And (2) if the data set provides information of the R peak position and the T wave start-stop position, directly using the information. Otherwise, the R peak position and the T wave end position are obtained in the continuous signals by using the existing electrocardiographic waveform detection tool. And segmenting the signal according to the T wave end point position information in two adjacent heartbeats, wherein each segment is one heart beat. The specific extraction method comprises the following steps: starting from the next point of the end position of the last T wave to the end of the end position of the current T wave. And uniformly adjusting each heartbeat signal to D dimension through linear scaling operation. And sequentially arranging a plurality of heartbeat vectors by taking each heartbeat signal as a vector to obtain a vector sequence formed by L heartbeats.
And (3) calculating an R-R interval sequence corresponding to the signal according to the position of the R peak to form an R-R interval characteristic sequence. The R-R interval feature comprises a dimension, i.e. the distance of the R peak of the current heartbeat from the R peak of the previous heartbeat.

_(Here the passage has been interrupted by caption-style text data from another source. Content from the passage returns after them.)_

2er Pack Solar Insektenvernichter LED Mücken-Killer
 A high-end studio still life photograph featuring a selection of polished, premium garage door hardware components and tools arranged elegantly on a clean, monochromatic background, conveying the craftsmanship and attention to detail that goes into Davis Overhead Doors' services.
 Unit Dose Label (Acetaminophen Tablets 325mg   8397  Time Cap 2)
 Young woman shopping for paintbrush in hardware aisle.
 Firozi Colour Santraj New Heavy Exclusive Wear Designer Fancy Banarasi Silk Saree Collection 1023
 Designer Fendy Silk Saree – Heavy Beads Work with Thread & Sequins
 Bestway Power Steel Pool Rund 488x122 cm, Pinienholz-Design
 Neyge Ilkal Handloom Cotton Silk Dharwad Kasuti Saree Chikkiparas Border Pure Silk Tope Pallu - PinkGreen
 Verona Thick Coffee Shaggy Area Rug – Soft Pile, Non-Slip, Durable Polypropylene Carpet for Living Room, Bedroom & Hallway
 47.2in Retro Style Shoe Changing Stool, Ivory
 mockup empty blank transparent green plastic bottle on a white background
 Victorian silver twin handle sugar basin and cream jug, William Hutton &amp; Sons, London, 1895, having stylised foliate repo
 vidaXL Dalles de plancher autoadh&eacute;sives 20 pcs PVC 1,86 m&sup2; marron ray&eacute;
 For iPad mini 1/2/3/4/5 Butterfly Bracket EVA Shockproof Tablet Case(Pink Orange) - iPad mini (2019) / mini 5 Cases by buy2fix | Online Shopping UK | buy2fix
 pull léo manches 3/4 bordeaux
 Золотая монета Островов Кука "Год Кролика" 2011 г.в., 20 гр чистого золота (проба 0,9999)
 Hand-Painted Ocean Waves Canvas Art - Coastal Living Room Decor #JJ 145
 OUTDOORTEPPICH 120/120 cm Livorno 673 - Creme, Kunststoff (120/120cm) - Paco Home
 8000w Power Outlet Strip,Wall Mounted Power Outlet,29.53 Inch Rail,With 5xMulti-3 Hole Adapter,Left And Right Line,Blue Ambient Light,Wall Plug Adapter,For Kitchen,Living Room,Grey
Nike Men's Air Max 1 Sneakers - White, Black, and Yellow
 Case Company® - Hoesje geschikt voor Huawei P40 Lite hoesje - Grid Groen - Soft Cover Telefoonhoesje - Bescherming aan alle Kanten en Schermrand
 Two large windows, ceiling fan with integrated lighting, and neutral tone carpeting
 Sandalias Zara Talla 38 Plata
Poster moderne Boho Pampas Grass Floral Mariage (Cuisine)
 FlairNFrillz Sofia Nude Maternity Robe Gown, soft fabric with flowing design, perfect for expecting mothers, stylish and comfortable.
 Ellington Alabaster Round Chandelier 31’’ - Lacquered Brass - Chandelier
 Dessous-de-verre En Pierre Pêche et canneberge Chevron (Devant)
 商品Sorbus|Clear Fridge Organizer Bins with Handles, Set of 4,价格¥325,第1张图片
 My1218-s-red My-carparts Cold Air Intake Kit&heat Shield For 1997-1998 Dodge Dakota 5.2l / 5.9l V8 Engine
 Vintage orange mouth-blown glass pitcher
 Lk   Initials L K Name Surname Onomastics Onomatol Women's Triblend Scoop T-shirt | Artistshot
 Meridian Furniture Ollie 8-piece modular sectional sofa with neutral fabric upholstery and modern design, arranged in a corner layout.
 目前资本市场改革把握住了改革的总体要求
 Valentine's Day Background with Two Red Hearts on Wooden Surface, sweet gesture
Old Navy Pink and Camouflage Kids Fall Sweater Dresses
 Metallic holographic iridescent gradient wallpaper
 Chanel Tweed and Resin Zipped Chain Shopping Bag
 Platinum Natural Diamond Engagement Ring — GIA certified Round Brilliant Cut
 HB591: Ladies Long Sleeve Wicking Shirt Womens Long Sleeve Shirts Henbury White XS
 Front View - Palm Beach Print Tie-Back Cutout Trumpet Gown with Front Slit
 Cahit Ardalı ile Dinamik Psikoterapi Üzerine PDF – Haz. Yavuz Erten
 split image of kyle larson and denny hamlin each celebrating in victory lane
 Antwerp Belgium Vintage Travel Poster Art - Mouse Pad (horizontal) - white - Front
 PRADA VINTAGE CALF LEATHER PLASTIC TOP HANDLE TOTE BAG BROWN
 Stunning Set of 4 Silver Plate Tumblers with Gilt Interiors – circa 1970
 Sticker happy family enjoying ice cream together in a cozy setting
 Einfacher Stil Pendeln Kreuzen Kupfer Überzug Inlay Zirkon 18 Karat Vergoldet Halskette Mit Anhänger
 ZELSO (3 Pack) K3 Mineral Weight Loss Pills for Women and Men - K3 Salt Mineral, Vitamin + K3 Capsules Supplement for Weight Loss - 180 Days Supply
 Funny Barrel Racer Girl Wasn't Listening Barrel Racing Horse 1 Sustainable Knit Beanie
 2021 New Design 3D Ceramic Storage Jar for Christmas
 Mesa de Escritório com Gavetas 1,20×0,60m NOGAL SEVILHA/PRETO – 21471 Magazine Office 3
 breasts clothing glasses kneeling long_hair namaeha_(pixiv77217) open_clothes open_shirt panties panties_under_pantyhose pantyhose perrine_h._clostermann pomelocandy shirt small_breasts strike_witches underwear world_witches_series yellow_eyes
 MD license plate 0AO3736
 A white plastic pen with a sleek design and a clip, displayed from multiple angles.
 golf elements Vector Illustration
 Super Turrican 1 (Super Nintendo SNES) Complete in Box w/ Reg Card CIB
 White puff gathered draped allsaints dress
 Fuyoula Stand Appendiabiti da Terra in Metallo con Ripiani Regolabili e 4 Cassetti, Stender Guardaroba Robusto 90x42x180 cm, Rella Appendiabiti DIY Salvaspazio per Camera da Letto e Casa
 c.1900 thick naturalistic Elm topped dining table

And (4) cutting the heartbeat sequence and the R-R interval characteristic sequence into a plurality of sequence segments with the length of L according to a certain length, and carrying out subsequent steps. The annotation file is also processed as described above, e.g., based on dataset experiments. In addition, a small section of heartbeat with the tail part smaller than the L length of each sequence is specially processed, and a complete section of heartbeat sequence with the L length is reversely intercepted from the tail part, so that all data can participate in classification of abnormal heart rhythms.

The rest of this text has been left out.